Nel vocabolario del nuovo millennio ci sarebbe bisogno di dedicare uno spazio, e più di una riflessione, al termine “instagrammabile”. Il neologismo ha la sua radice nella popolare piattaforma Instagram, regina dei social per quanto riguarda la condivisione di foto. L’aggettivo, riferito ai soggetti dell’immagine, si può tradurre più o meno così: “Meritevole di essere pubblicato (o condiviso)”.
Chiaramente, un soggetto è instagrammabile non in quanto bello, gradevole o con un potenziale contenuto artistico: il soggetto è instagrammabile se e solo se ha il potenziale di generare interazione o, come dicono gli esperti di marketing, engagement (coinvolgimento).

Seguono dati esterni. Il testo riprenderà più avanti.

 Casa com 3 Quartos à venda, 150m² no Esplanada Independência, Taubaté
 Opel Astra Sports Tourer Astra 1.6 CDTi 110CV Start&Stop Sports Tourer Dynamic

Un video di un gattino puccioso che fa cose tenere è instagrammabile. Una foto che ritrae di spalle una donna in bikini affacciata a una piscina a sfioro che affaccia su Dubai è instagrammabile. Un particolare impiattamento rende instagrammabile un piatto che, altrimenti, potrebbe non esserlo.

Dato per assunto che esiste una nuova categoria di workers, lavoratori, che prende il nome di influencer (che hanno la capacità o aspirano ad avere la capacità di influenzare gli utenti attraverso gli strumenti social), non deve quindi sorprendere che le influencer di moda scelgano addirittura i luoghi dove recarsi per il loro potenziale instagrammabile. Questo dato di fatto è capace di influenzare, quello sì, il turismo. Giuro, ho visto tiktoker (da non confondere con gli influencer perché i tiktoker sono specializzati in video TikTok) pubblicare consigli di viaggio per luoghi instagrammabili. Ho visto in un recente viaggio a Bologna viaggiatori giovani (e meno giovani) chiedere indicazioni per la piccola Venezia (uno dei segreti della Rossa, una piccola finestra in mezzo ai palazzi che dà vista su un canale che scorre tra i palazzi) e non trovare fila alla Torre dell’Asinello (che fotografarla, vi assicuro, è complesso data la prospettiva e anche i vari cavi del tram che distolgono la vista).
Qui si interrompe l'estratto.